EXERCISE AIM: Retype exactly the lines from the one containing "Vintages Blau- und" through the last line of the records below, including both, and leave out any pictures.

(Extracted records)
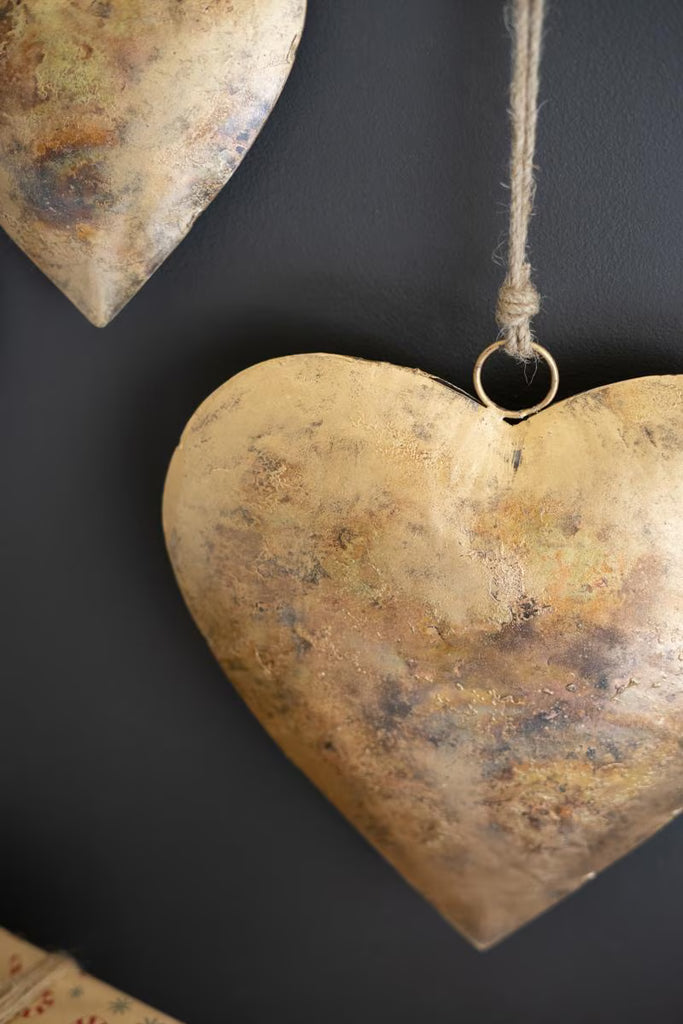 Set of 3 Antique Gold Christmas Heart Door Hangers - image 2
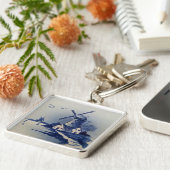 Vintages Blau- und Weiß-Delft-Kunstwerk Schlüsselanhänger (Seite)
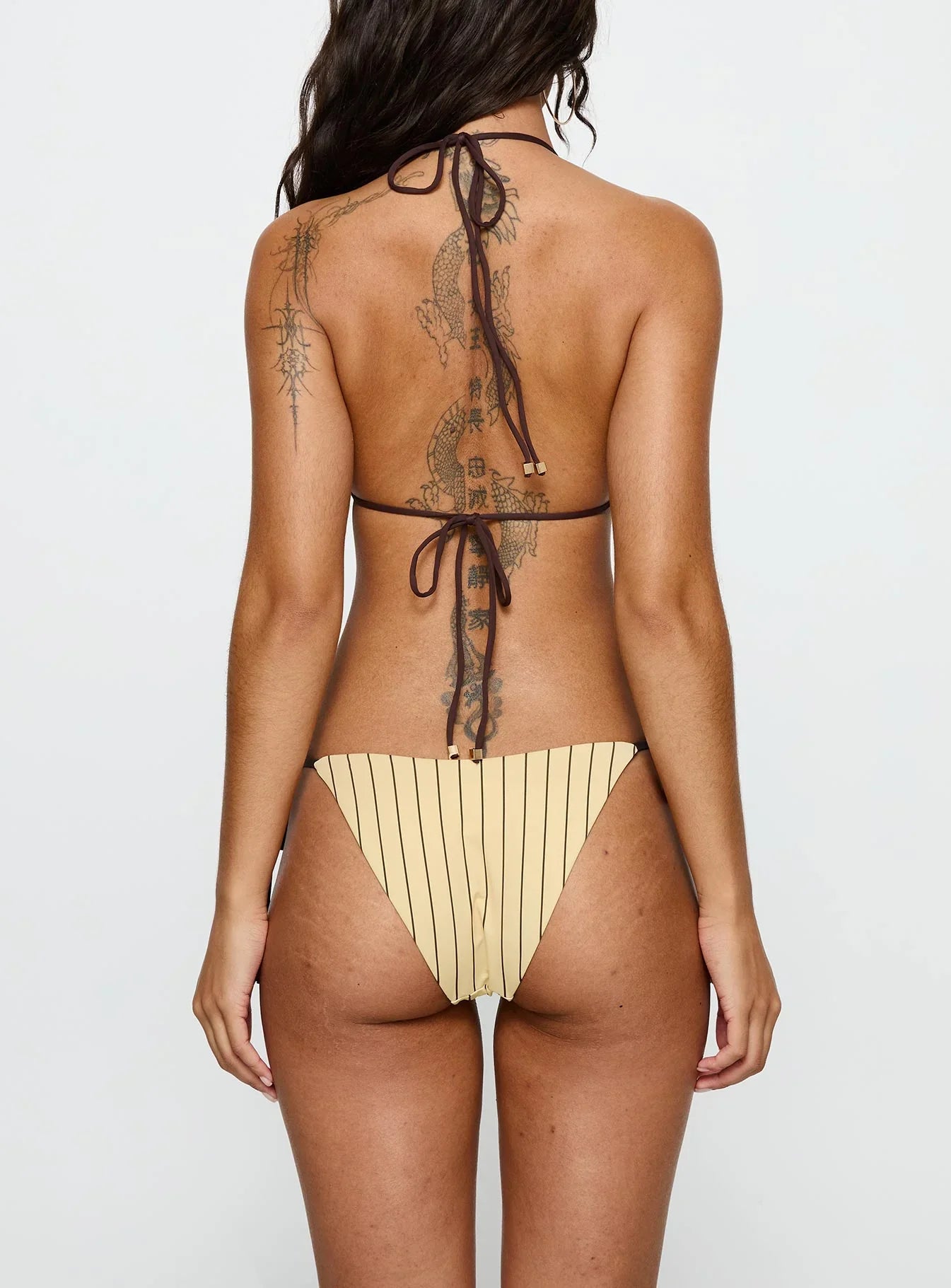 Glora Tie Side Bikini Bottom Yellow Stripe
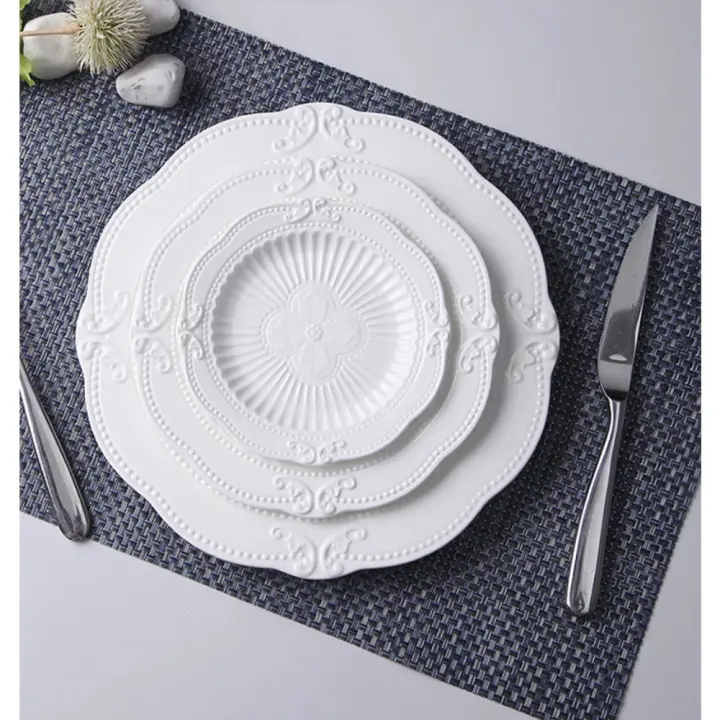 Juego de Platos de Carga de Porcelana Blanca Empresada 3pcs 6+8+10 pulgadas - 1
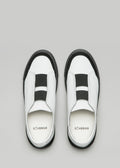 black with white premium leather slip-on sneakers with straps in clean design topview 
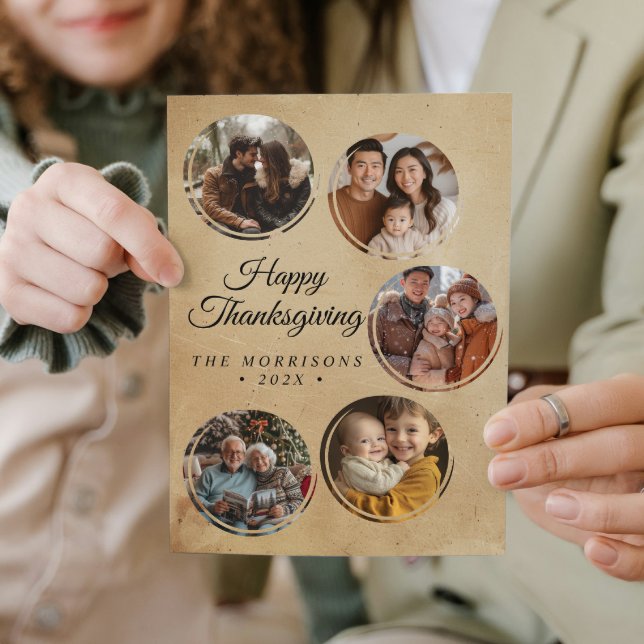Cartes Pour Fêtes Annuelles Collage Rond Rustique 5 Photos Bon thanksgiving (Créateur téléchargé)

YOUR RESPONSE:
 Vintages Blau- und Weiß-Delft-Kunstwerk Schlüsselanhänger (Seite)
 Glora Tie Side Bikini Bottom Yellow Stripe
 Juego de Platos de Carga de Porcelana Blanca Empresada 3pcs 6+8+10 pulgadas - 1
 black with white premium leather slip-on sneakers with straps in clean design topview 
Cartes Pour Fêtes Annuelles Collage Rond Rustique 5 Photos Bon thanksgiving (Créateur téléchargé)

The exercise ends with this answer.